On the surface, this development practically gushes irony. Sheeler, after all, is the very type of person newspapers need to retain if they're going to survive and thrive in the future — but instead of sticking around at the Rocky, he's heading to CU, where he'll ready students for a profession they may not even recognize by the time they pick up their diplomas. However, he and Voakes see things in much more positive terms. For one thing, students keep enrolling in journalism programs regardless of uncertainties surrounding the profession. According to Voakes, CU caps journalism enrollment at 600 undergraduates, and over the past five years, the number of students in pre-journalism categories has never dipped below 800. And although Voakes concedes that fewer students "show an interest in paying their dues at a community or rural paper and then working their way up to the Post or the Rocky," he says a similar amount "are learning these skills so they can go into entrepreneurial work that's more web-based — and I'm thinking that's not such a bad thing." With this shift in mind, CU is tweaking its curriculum to emphasize the sort of multimedia and cross-platform skills that the 21st century demands.

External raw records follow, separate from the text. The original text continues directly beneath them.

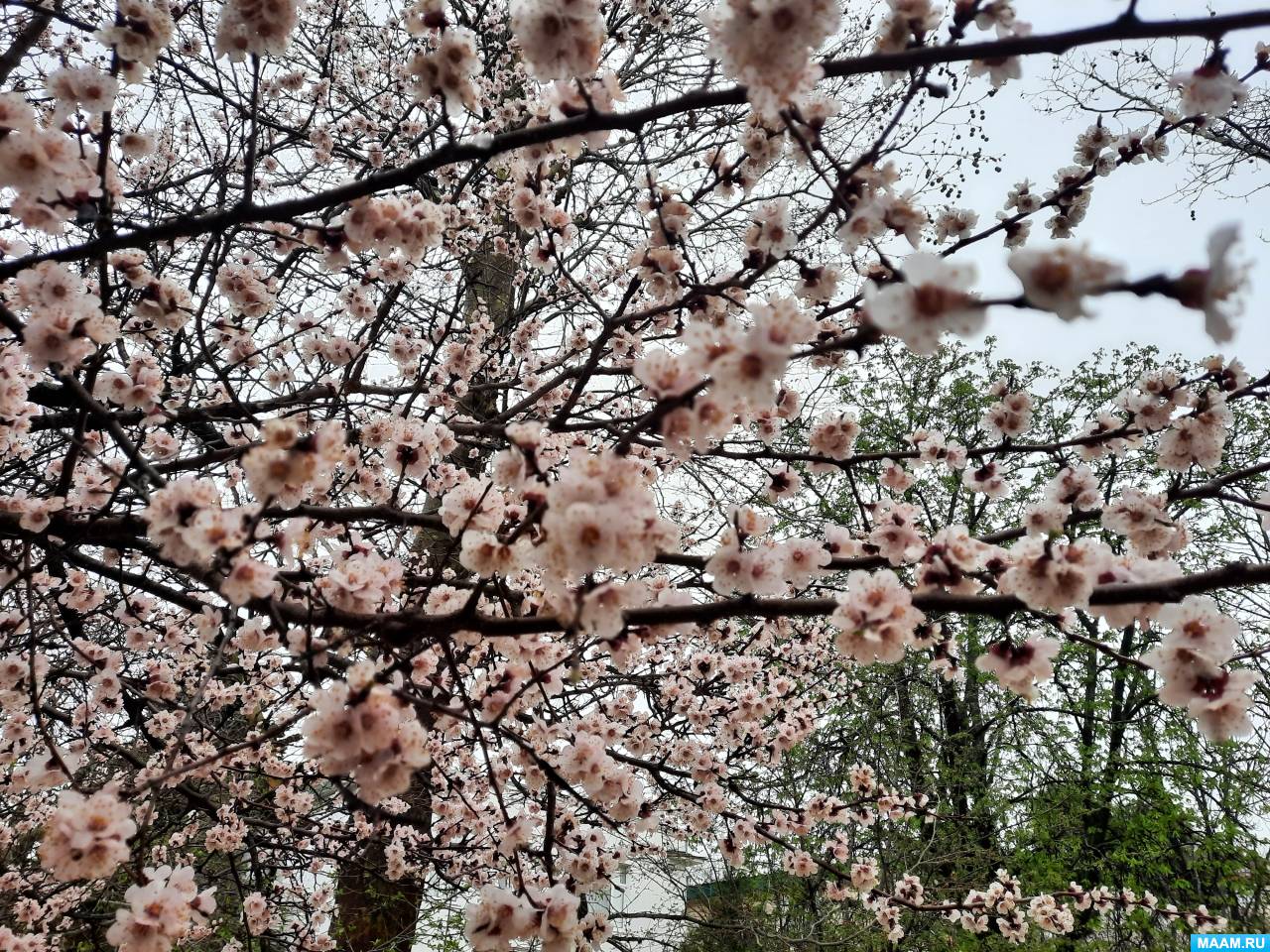 ��������. �������� �������� � ������ ���������������� � ����� ������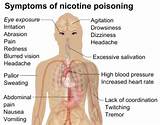 Images of What Are The Side Effects Of Smoking Tobacco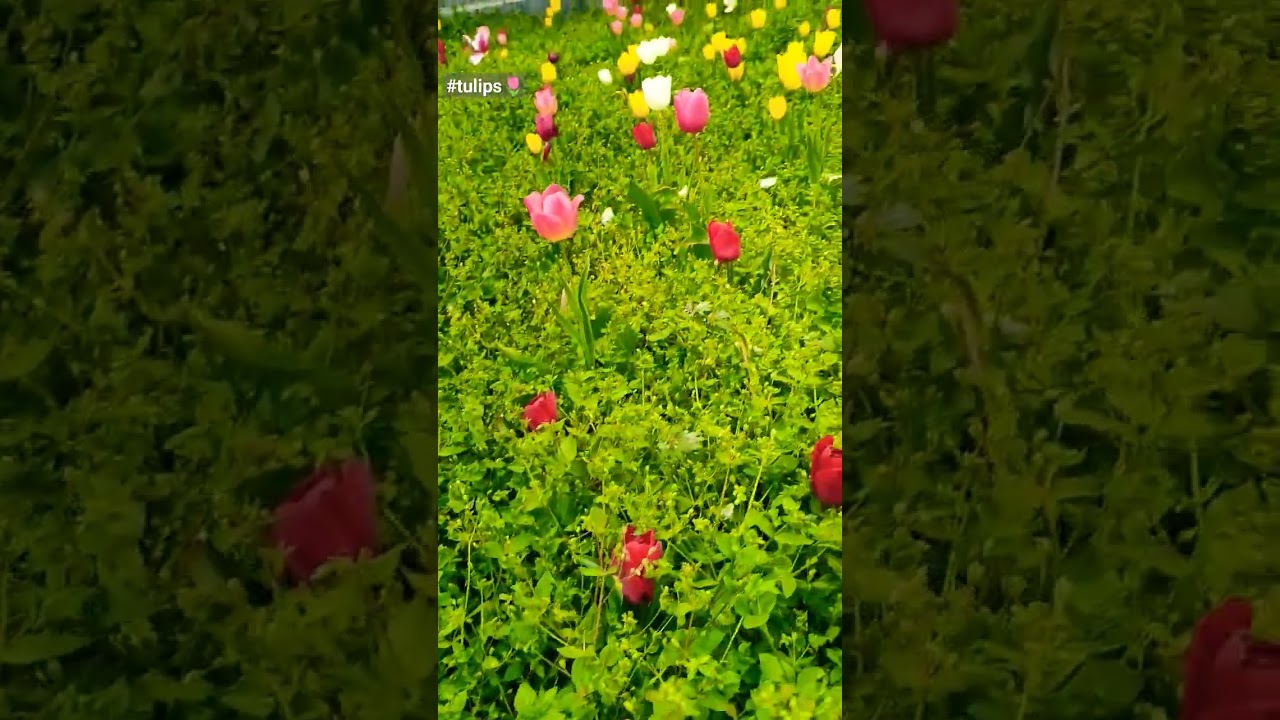 #крымскаявесна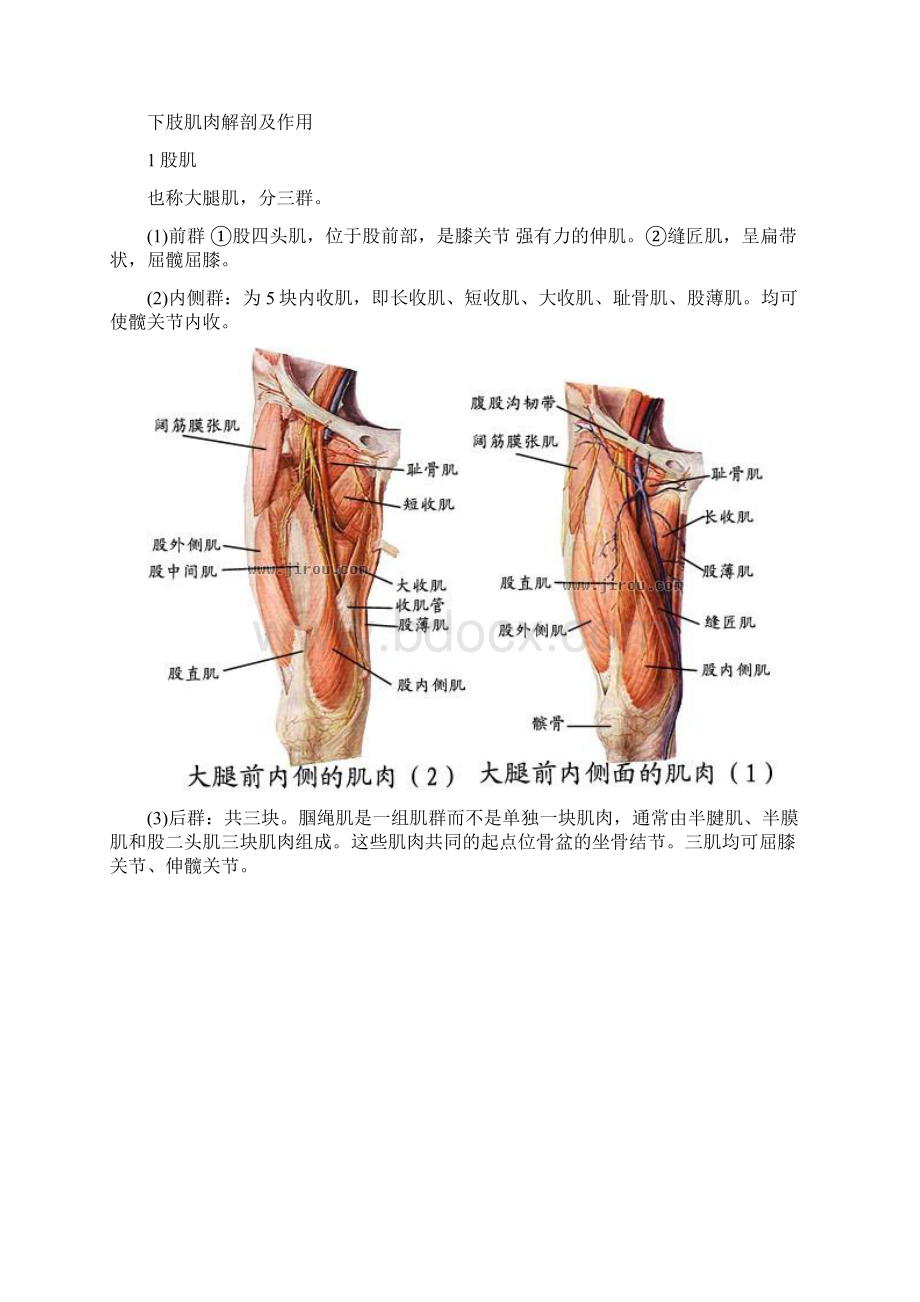 膝过伸的原因及康复教程文件.docx_第2页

At the same time, Sheeler believes that the art of storytelling will be as important tomorrow as it is today. "No matter what medium we're reporting in, somebody's got to be there to write the stories," he says, "and I think that's where journalism is going to be headed. You need to give people a reason to really invest their time in a story, and to do that, you have to write it well."
CU's latest prize is award-winning journalist Jim Sheeler.
The basic reporting class Sheeler taught last fall, during which he "tried to get everyone away from the inverted pyramid and talked about really crafting true stories," only reinforced this philosophy. As such, he doesn't believe he's abandoning newspapers just because he's split from the Rocky. He's simply supporting them in a different way.
"I'd like to instill a passion for storytelling in fifteen or twenty students at a time," he says. "And even if only a few of them go out there with that same passion to tell stories, journalism will still be all the better for it."